- **WHAT IS BEING ASKED**:
Having located "Rather, it is" in the listing below, write out its line and every following line exactly, last line included, without the pictures.

- **AVAILABLE DATA**:
==============================

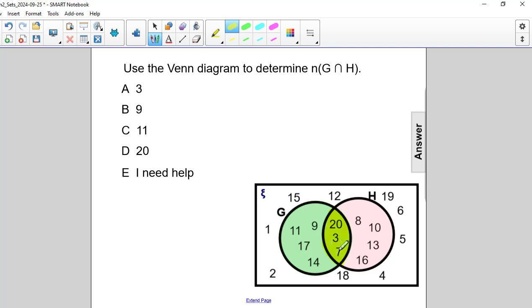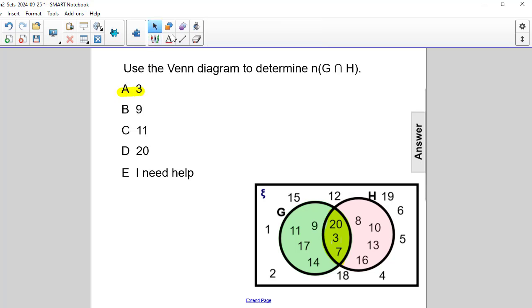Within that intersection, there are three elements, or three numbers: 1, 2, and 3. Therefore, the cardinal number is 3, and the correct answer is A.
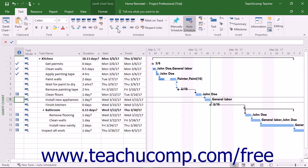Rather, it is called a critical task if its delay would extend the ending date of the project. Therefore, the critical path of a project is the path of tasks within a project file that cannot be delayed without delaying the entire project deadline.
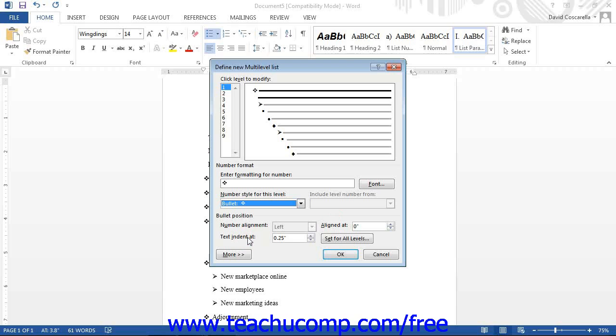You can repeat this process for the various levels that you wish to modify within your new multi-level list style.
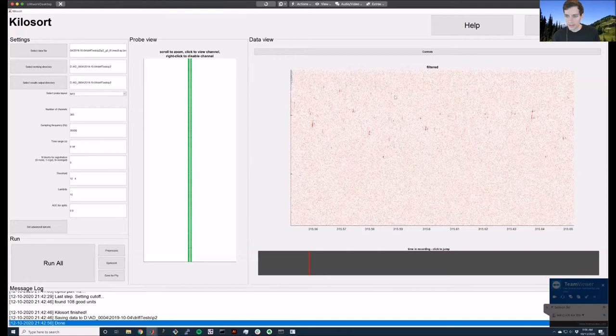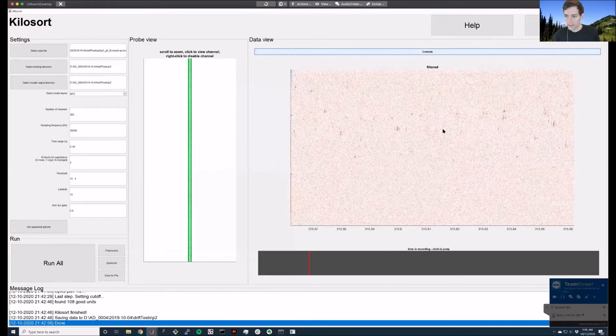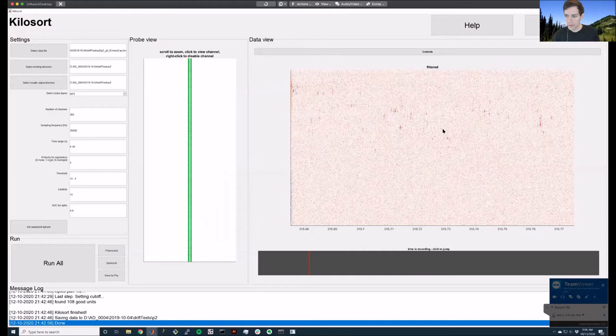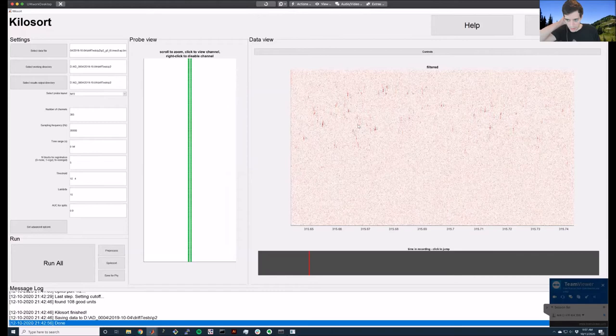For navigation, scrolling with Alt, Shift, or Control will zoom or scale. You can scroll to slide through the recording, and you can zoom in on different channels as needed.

==============================

- **EXERCISE SOLUTION**:
Rather, it is called a critical task if its delay would extend the ending date of the project. Therefore, the critical path of a project is the path of tasks within a project file that cannot be delayed without delaying the entire project deadline.
You can repeat this process for the various levels that you wish to modify within your new multi-level list style.
For navigation, scrolling with Alt, Shift, or Control will zoom or scale. You can scroll to slide through the recording, and you can zoom in on different channels as needed.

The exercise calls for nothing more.